On the other hand, he might just be an exceptional individual.

That would seem to be in contrast to the biology of the species.

Then again, maybe there are no genetic castes, but there's just a tendency for one or two prawns to naturally be more assertive every few generations.

Sarco_Phage
2011-04-01, 05:22 PM
That would seem to be in contrast to the biology of the species.

Then again, maybe there are no genetic castes, but there's just a tendency for one or two prawns to naturally be more assertive every few generations.

This would actually be an interesting thought experiment. If the prawns actually have strong differences in their castes due to their particular biological makeup, then our concepts of equality and "rights" might not be as appropriate to them.

Mr.Bookworm
2011-04-01, 05:32 PM
Incidentally, is Christopher actually a drone like the rest of them? I wouldn't be surprised if he belonged to some higher caste, thus explaining his initiative.

You can pretty clearly see the shuttle fall off the in the beginning of the movie. I've always assumed that he was the last of the pilot/leader caste, who escaped when the mothership entered the atmosphere.

The Glyphstone
2011-04-01, 05:34 PM
Or maybe Christopher is/was a drone, but something in prawn physiology causes drones to 'upgrade' to a higher-caste form if a large population of drones goes a sufficient period of time without direction from a high-caste individual...sort of how a colony of bees can spontaneously create a queen if they lack one.

Sarco_Phage
2011-04-01, 05:35 PM
Well, according to Word of God, the reason the black fluid caused Wikus to turn into a prawn is because it's essentially a rapid repair system - it was "fixing" Wikus.

So it's pretty clear that their biology/biotech might be much more advanced, perhaps even more than their other tech.
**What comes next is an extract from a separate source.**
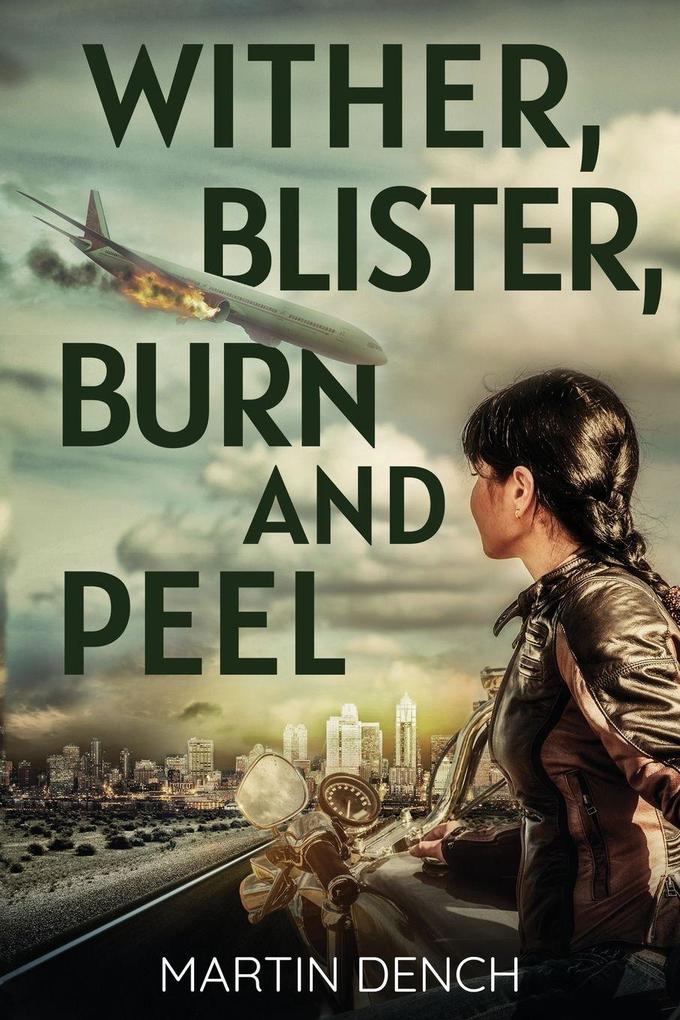 Wither Blister Burn And Peel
They have dna-encoded weapons, for one thing.

Mr.Bookworm
2011-04-01, 05:49 PM
Or maybe Christopher is/was a drone, but something in prawn physiology causes drones to 'upgrade' to a higher-caste form if a large population of drones goes a sufficient period of time without direction from a high-caste individual...sort of how a colony of bees can spontaneously create a queen if they lack one.
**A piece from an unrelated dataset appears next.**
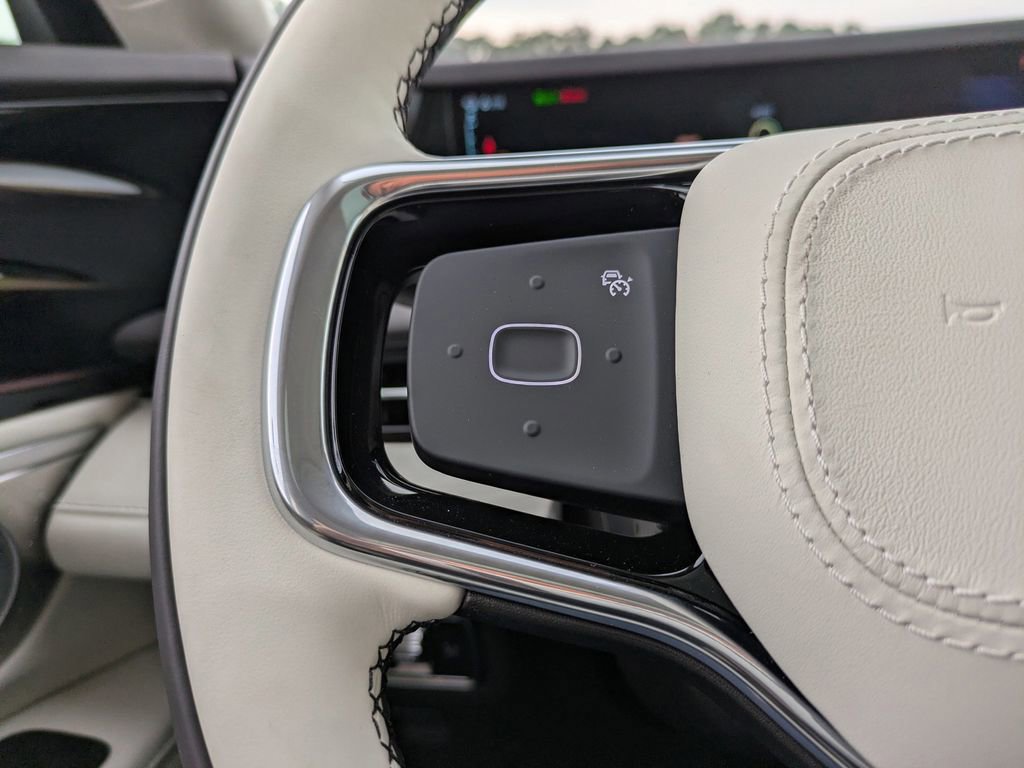 New 2026 Lincoln Nautilus Black Label w/ Jet Appearance Package image 30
That might make sense, but Christopher's actions show some serious forethought. He guided the shuttle into a safe place where the humans wouldn't find it, buried it, blended in with the other prawns for 20 years without being discovered, and all of that time was patiently collecting the fluid.

Not to mention that he pretty clearly knows how their technology works on a detailed level, and unless the prawns are like the Orks of 40k, he couldn't have spontaneously generated that knowledge.

The Glyphstone
2011-04-01, 05:55 PM
That might make sense, but Christopher's actions show some serious forethought. He guided the shuttle into a safe place where the humans wouldn't find it, buried it, blended in with the other prawns for 20 years without being discovered, and all of that time was patiently collecting the fluid.
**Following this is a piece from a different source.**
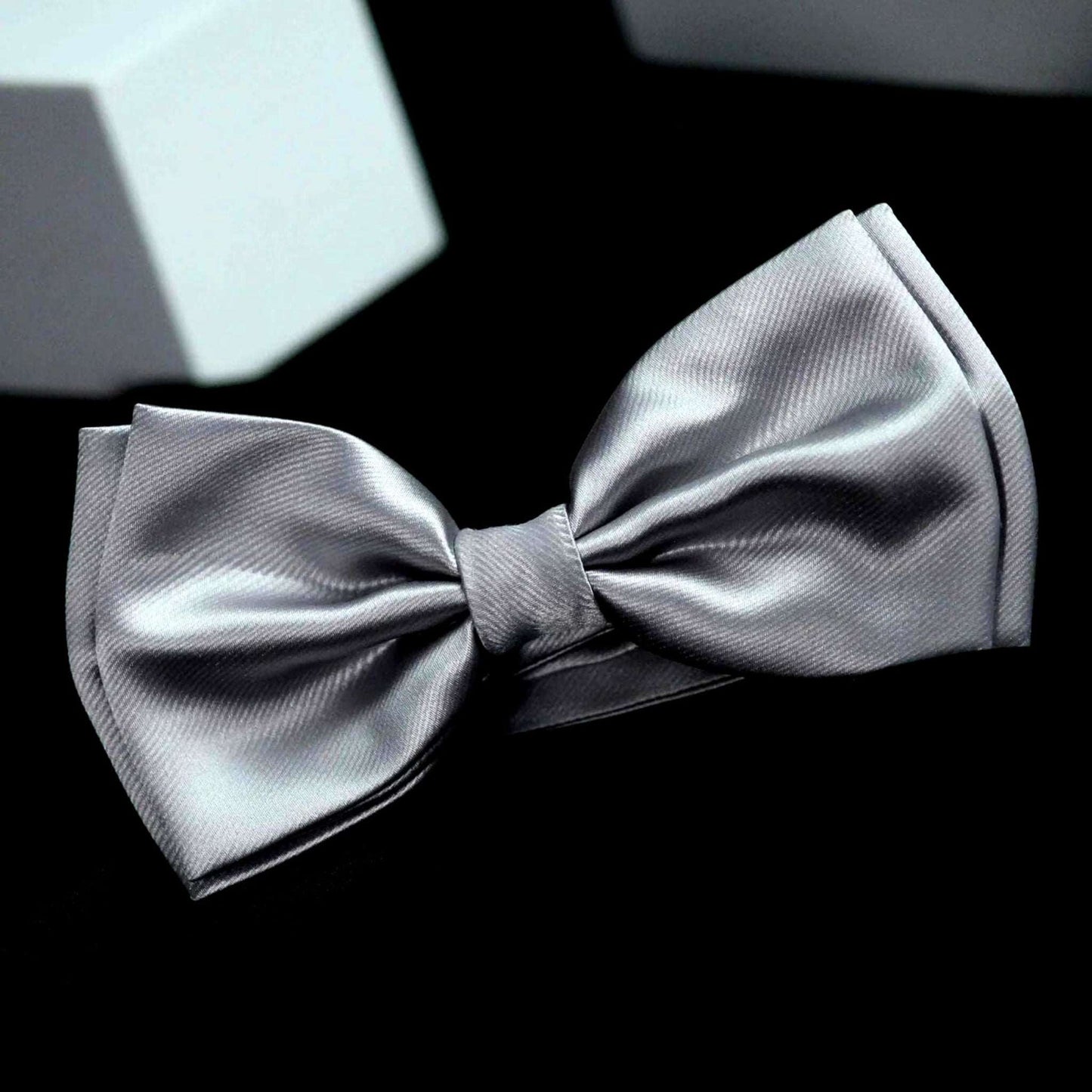 YOUTH ROBE's Bow-Tie (Grey) - YOUTH ROBE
Not to mention that he pretty clearly knows how their technology works on a detailed level, and unless the prawns are like the Orks of 40k, he couldn't have spontaneously generated that knowledge.

Ah. I haven't seen the movie, so I only knew Christopher as the 'prawntagonist' character. With that evidence, he is pretty obviously a leader of some sort.

though (tinfoil hat) the upgrade-theory still works if all the prawns actually have the knowledge Christopher displayed, but have it either naturally or artifically suppressed until the spontaneous upgrade occurs. This turns the prawns from a drone-species with a few leaders, to a species where said leaders deliberately and effectively lobotomize their fellows, while leaving an 'out' to avoid extinction just in case something happened to them personally...

VanBuren
2011-04-01, 06:00 PM
That might make sense, but Christopher's actions show some serious forethought. He guided the shuttle into a safe place where the humans wouldn't find it, buried it, blended in with the other prawns for 20 years without being discovered, and all of that time was patiently collecting the fluid.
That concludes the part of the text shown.